Do you think of companies like Google and Amazon as conglomerates? Let’s look at how successful today’s conglomerates are when compared to the companies who started the business model over two decades ago.
In the past conglomerates were able to increase their market shares but ended up in failure because the business model was not sustainable for the bottom line during that era. The definition of conglomerate in Wikipedia is “a combination of two or more corporations engaged in entirely different businesses that fail under one corporate group.” The reason the conglomerate business models failed so long ago was because businesses who tried to compete in different areas couldn’t be consistently better than businesses that only focused 100 percent on one area.
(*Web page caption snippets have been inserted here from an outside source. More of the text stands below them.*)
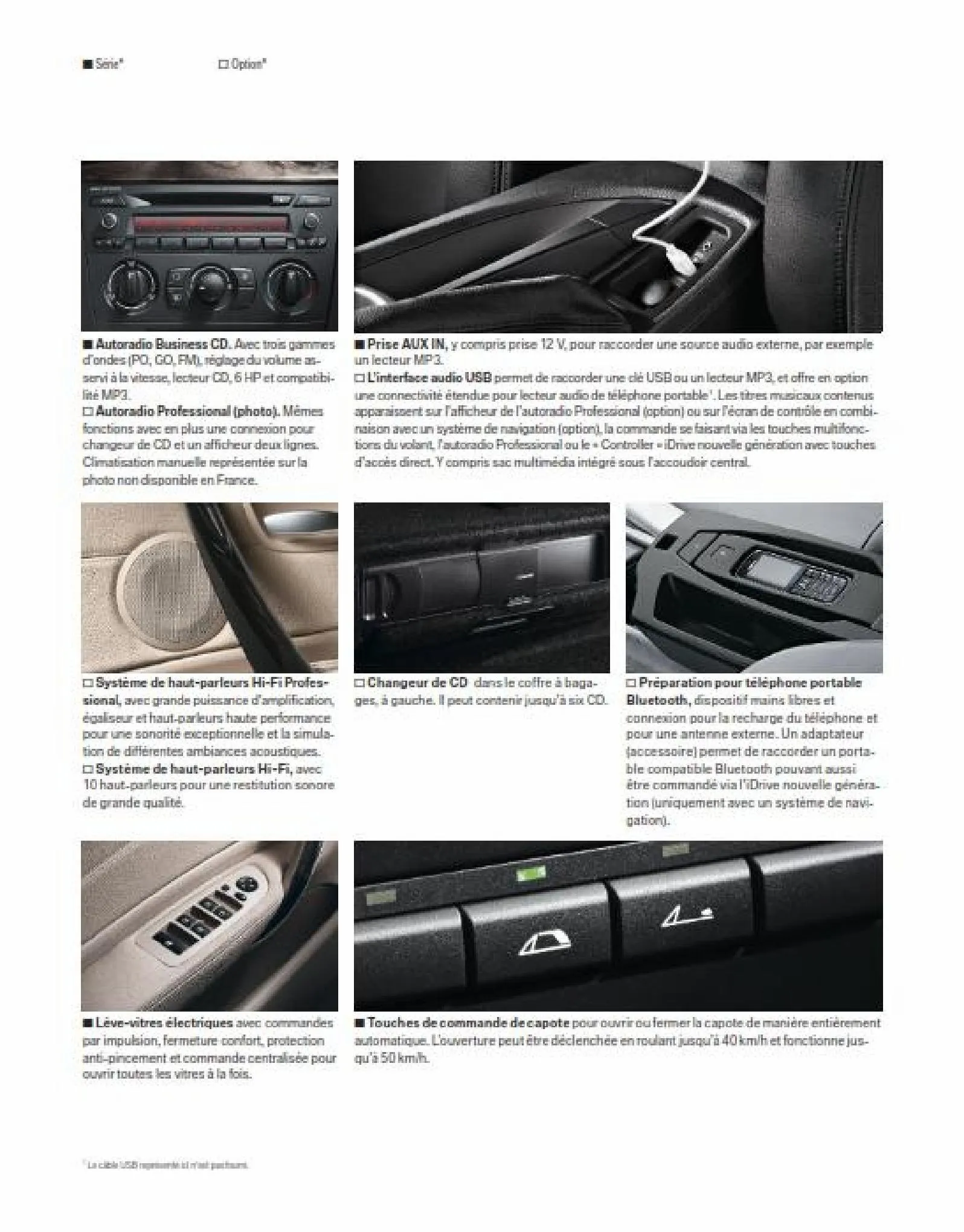 Catalogue BWM Serie 1 Cabriolet, page 00019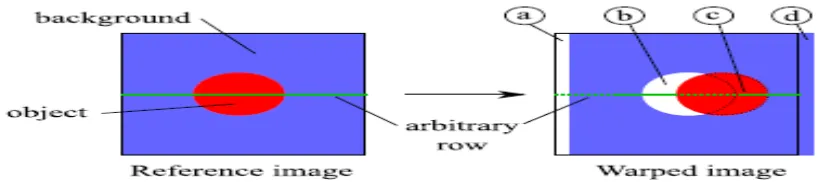 Fig. 1. Illustration of camera translation for a simple scene with a uniform background, and one foreground object
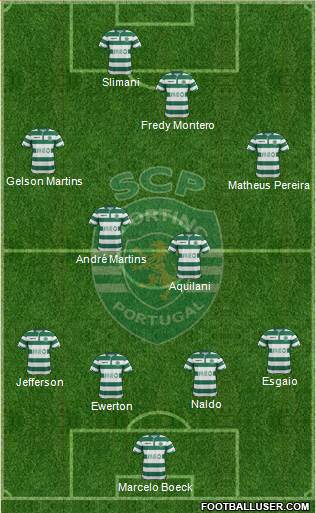 Sporting Clube de Portugal - SAD Formation 2015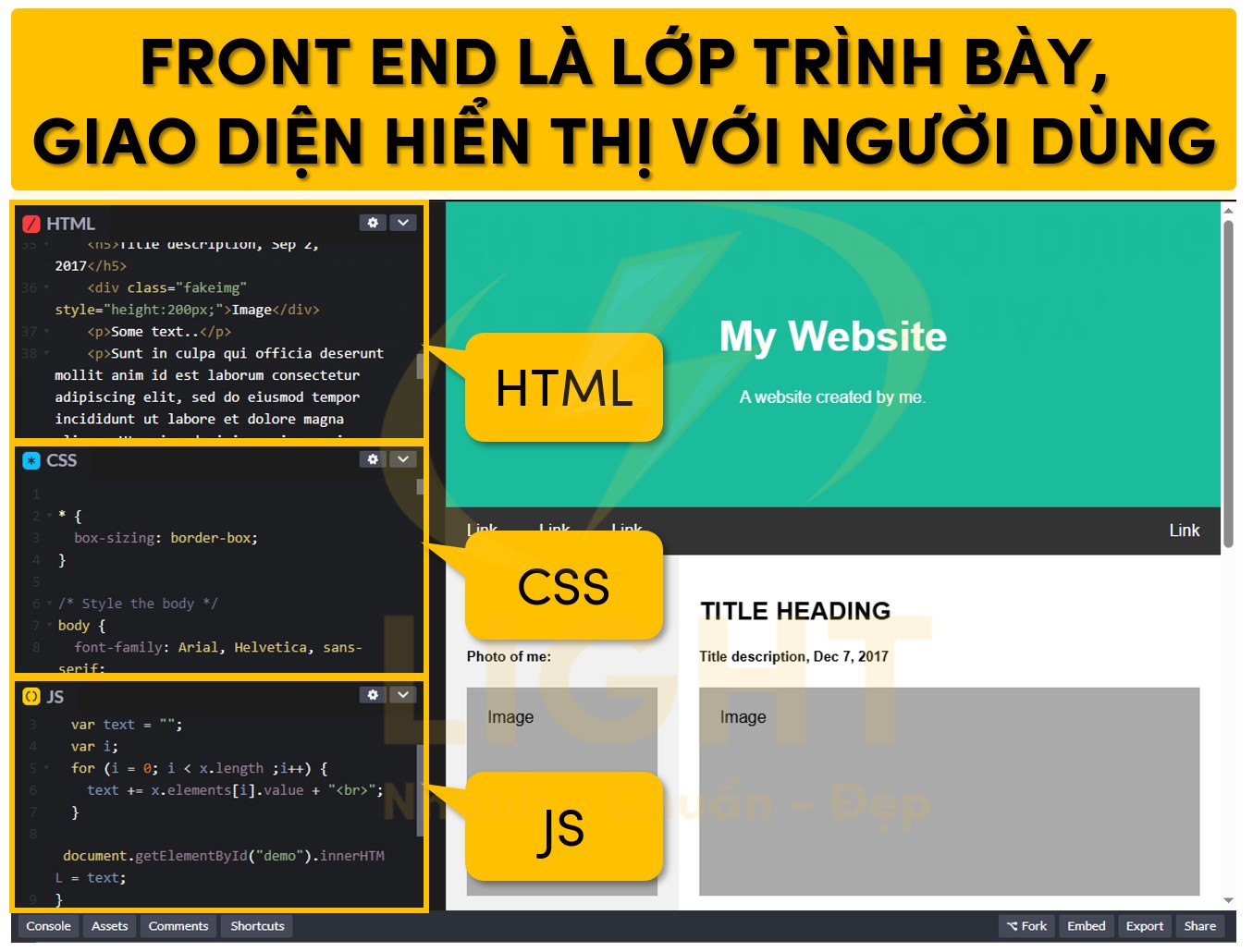 Front end là lớp trình bày, giao diện hiển thị với người dùng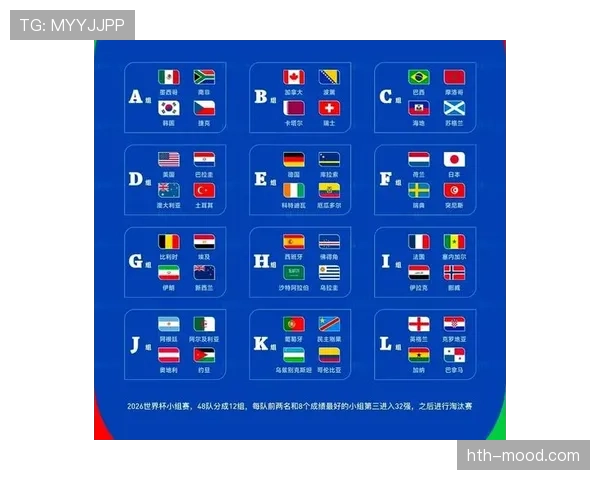 2026世界杯官方48队赛制规则解析 2026世界杯官方48队赛制规则解析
Today, however, it seems that conglomerates have the business model well under control.
Samsung appears to be one of many successful conglomerates. If you think about where the company first started, making refrigerators and other electronics, to where it is today: manufacturing mobile phones, TV’s, software for its phones, buildings, etc. you see a different conglomerate model from what was previously defined. Last year it reached sales of $179 billion and the company happens to employs 370,000 people worldwide. The company has consistently done extremely well and continues on a growth pattern. In fact, in South Korea, it has 17 percent of the GDP and its stock has given returns of approximately 25 percent each year for the last 20 years.
In addition, Berkshire Hathaway (in the financial sector) is a well-established conglomerate. The company’s foundation stems from insurance businesses which generate a significant cash flow. Moreover, Warren Buffet’s company also operates businesses ranging from anything in the manufacturing sector to the railroad sector.
Then you have a company like Google. Google has been using its strength in one area to become a dominant force in a number of diverse areas, such as building cars and producing electricity. Google started off with a search engine platform and has expanded into all types of online services including self-driving cars, maps, mobile phones, clean energy, internet provider, same day shipping, computerized glasses, etc. It appears that Google has a leading edge in the areas in which it operates thereby making it one of the biggest 21st century conglomerates.
Amazon is not as diversified as the previously stated companies. However, it’s certainly a conglomerate in its own right with operations in global data storage, distribution of physical and digital goods, and manufacturing hardware such as Kindle. Amazon has the ability to sell for the long-term with little to no overhead costs which enhances its ability to continue to gain market share and eliminate competitors.
All of these companies share one similarity. They all have strong market share, continue to grow by making wise decisions in all arms of operations as well as new ventures, while they continue to operate each arm at highly effective and consistent levels.